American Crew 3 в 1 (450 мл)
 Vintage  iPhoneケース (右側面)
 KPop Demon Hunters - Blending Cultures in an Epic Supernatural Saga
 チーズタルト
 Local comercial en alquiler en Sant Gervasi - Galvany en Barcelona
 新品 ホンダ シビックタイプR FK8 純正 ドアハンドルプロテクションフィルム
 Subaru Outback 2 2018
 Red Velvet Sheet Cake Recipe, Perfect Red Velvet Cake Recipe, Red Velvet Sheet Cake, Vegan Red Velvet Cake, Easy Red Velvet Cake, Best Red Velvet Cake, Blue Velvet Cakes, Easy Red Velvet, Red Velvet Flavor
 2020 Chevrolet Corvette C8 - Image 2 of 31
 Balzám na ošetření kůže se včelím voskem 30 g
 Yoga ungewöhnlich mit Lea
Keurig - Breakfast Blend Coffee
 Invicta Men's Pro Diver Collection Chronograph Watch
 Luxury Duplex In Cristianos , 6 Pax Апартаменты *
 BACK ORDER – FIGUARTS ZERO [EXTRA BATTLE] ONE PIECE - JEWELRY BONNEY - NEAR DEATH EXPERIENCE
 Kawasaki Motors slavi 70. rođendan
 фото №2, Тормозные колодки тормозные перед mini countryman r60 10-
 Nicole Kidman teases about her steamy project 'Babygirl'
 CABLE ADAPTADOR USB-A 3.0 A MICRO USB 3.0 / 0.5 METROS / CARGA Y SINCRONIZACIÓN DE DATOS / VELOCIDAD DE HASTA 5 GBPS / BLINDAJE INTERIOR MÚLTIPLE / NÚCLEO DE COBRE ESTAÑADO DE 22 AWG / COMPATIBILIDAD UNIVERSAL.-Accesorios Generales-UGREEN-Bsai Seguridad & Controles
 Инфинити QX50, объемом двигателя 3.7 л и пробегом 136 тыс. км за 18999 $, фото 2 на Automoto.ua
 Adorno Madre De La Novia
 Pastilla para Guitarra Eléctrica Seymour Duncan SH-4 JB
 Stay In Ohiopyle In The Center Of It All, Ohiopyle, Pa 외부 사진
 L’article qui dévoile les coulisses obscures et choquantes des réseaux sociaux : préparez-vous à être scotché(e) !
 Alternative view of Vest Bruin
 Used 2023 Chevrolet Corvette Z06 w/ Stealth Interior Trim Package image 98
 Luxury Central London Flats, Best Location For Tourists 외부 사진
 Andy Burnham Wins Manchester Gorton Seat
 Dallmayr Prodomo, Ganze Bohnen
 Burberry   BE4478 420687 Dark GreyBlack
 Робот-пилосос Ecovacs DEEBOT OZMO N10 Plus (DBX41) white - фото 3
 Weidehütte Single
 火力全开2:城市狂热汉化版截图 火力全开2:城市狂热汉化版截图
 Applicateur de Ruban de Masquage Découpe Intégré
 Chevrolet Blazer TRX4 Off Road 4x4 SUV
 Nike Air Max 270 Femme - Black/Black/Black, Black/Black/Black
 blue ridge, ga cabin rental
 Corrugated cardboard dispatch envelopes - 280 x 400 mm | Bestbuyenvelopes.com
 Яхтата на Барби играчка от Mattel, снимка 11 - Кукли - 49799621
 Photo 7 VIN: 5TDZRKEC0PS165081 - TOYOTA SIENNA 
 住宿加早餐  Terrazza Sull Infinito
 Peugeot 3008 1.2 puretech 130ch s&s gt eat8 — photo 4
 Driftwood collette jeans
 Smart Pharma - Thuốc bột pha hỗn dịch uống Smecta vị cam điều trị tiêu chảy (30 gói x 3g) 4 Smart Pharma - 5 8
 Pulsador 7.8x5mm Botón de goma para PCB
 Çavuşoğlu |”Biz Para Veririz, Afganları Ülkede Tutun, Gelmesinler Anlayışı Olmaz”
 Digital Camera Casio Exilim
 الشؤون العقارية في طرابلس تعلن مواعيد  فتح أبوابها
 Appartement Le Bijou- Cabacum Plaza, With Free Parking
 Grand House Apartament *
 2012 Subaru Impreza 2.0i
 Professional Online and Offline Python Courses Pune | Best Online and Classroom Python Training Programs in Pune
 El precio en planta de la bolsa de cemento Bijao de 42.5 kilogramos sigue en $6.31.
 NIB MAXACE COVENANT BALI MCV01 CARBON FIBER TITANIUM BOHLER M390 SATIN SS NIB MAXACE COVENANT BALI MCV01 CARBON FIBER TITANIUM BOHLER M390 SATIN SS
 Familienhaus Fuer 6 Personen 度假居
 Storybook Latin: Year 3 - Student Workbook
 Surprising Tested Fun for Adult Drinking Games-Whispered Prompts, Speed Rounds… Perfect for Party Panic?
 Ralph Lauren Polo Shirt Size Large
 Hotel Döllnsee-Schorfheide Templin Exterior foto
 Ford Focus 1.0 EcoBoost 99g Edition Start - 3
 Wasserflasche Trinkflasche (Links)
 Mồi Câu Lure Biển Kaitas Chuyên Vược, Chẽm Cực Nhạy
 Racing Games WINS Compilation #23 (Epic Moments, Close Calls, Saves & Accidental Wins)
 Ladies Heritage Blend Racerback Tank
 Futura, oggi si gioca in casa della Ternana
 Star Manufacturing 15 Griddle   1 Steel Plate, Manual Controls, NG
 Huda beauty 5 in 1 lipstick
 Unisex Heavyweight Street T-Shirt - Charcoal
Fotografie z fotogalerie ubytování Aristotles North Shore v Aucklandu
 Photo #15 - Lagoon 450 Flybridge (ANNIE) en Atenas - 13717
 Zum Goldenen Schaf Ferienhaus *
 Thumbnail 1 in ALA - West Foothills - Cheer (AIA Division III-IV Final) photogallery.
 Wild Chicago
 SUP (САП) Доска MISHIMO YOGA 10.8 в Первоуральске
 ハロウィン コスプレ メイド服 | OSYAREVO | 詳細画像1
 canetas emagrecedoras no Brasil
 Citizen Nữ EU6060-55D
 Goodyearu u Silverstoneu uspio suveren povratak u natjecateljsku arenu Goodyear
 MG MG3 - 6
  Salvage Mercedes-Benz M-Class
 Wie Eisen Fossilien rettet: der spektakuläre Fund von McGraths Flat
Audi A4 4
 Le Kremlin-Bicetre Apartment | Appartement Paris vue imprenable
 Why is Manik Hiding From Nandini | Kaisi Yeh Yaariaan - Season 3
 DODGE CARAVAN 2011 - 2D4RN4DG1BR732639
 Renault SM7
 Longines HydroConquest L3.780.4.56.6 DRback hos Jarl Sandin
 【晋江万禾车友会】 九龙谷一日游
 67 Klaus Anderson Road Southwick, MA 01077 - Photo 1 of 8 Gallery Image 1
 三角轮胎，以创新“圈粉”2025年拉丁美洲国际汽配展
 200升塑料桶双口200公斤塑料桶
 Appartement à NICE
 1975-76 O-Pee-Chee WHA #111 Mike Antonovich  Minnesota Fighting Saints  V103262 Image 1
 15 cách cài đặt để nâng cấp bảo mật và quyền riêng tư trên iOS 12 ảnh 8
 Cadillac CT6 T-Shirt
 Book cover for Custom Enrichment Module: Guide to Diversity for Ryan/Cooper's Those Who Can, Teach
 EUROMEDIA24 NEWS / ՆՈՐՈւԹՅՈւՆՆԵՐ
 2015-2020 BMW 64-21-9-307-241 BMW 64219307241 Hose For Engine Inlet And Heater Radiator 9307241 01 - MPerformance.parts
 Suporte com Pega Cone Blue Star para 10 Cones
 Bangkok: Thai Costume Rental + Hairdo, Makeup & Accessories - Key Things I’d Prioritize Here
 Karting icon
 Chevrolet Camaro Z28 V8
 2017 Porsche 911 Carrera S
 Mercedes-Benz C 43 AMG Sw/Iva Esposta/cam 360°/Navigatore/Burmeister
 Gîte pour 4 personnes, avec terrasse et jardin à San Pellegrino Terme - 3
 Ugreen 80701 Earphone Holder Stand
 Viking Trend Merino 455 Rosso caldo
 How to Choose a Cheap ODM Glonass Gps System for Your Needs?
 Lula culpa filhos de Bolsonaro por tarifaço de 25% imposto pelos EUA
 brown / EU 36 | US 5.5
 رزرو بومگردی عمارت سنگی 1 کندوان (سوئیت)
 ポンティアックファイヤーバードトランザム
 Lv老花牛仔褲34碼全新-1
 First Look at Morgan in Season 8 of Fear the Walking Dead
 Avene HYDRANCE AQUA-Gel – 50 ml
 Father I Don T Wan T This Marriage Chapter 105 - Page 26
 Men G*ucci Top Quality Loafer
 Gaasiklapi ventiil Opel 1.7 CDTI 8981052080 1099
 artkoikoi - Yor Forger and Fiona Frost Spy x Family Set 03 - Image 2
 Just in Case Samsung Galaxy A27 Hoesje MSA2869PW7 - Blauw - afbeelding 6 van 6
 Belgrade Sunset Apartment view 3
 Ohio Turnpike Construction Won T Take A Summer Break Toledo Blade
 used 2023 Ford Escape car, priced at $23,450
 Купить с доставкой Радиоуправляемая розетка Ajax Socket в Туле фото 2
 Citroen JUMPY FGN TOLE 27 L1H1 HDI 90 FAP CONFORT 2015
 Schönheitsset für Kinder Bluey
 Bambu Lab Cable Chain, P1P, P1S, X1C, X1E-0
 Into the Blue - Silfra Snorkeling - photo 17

════════════════

# The task
Each line in the entries above, starting at the line with "Citizen Nữ EU6060-55D" and ending at the line with "artkoikoi - Yor", is to be printed exactly, and only those lines.

# Response below
 Citizen Nữ EU6060-55D
 Goodyearu u Silverstoneu uspio suveren povratak u natjecateljsku arenu Goodyear
 MG MG3 - 6
  Salvage Mercedes-Benz M-Class
 Wie Eisen Fossilien rettet: der spektakuläre Fund von McGraths Flat
Audi A4 4
 Le Kremlin-Bicetre Apartment | Appartement Paris vue imprenable
 Why is Manik Hiding From Nandini | Kaisi Yeh Yaariaan - Season 3
 DODGE CARAVAN 2011 - 2D4RN4DG1BR732639
 Renault SM7
 Longines HydroConquest L3.780.4.56.6 DRback hos Jarl Sandin
 【晋江万禾车友会】 九龙谷一日游
 67 Klaus Anderson Road Southwick, MA 01077 - Photo 1 of 8 Gallery Image 1
 三角轮胎，以创新“圈粉”2025年拉丁美洲国际汽配展
 200升塑料桶双口200公斤塑料桶
 Appartement à NICE
 1975-76 O-Pee-Chee WHA #111 Mike Antonovich  Minnesota Fighting Saints  V103262 Image 1
 15 cách cài đặt để nâng cấp bảo mật và quyền riêng tư trên iOS 12 ảnh 8
 Cadillac CT6 T-Shirt
 Book cover for Custom Enrichment Module: Guide to Diversity for Ryan/Cooper's Those Who Can, Teach
 EUROMEDIA24 NEWS / ՆՈՐՈւԹՅՈւՆՆԵՐ
 2015-2020 BMW 64-21-9-307-241 BMW 64219307241 Hose For Engine Inlet And Heater Radiator 9307241 01 - MPerformance.parts
 Suporte com Pega Cone Blue Star para 10 Cones
 Bangkok: Thai Costume Rental + Hairdo, Makeup & Accessories - Key Things I’d Prioritize Here
 Karting icon
 Chevrolet Camaro Z28 V8
 2017 Porsche 911 Carrera S
 Mercedes-Benz C 43 AMG Sw/Iva Esposta/cam 360°/Navigatore/Burmeister
 Gîte pour 4 personnes, avec terrasse et jardin à San Pellegrino Terme - 3
 Ugreen 80701 Earphone Holder Stand
 Viking Trend Merino 455 Rosso caldo
 How to Choose a Cheap ODM Glonass Gps System for Your Needs?
 Lula culpa filhos de Bolsonaro por tarifaço de 25% imposto pelos EUA
 brown / EU 36 | US 5.5
 رزرو بومگردی عمارت سنگی 1 کندوان (سوئیت)
 ポンティアックファイヤーバードトランザム
 Lv老花牛仔褲34碼全新-1
 First Look at Morgan in Season 8 of Fear the Walking Dead
 Avene HYDRANCE AQUA-Gel – 50 ml
 Father I Don T Wan T This Marriage Chapter 105 - Page 26
 Men G*ucci Top Quality Loafer
 Gaasiklapi ventiil Opel 1.7 CDTI 8981052080 1099
 artkoikoi - Yor Forger and Fiona Frost Spy x Family Set 03 - Image 2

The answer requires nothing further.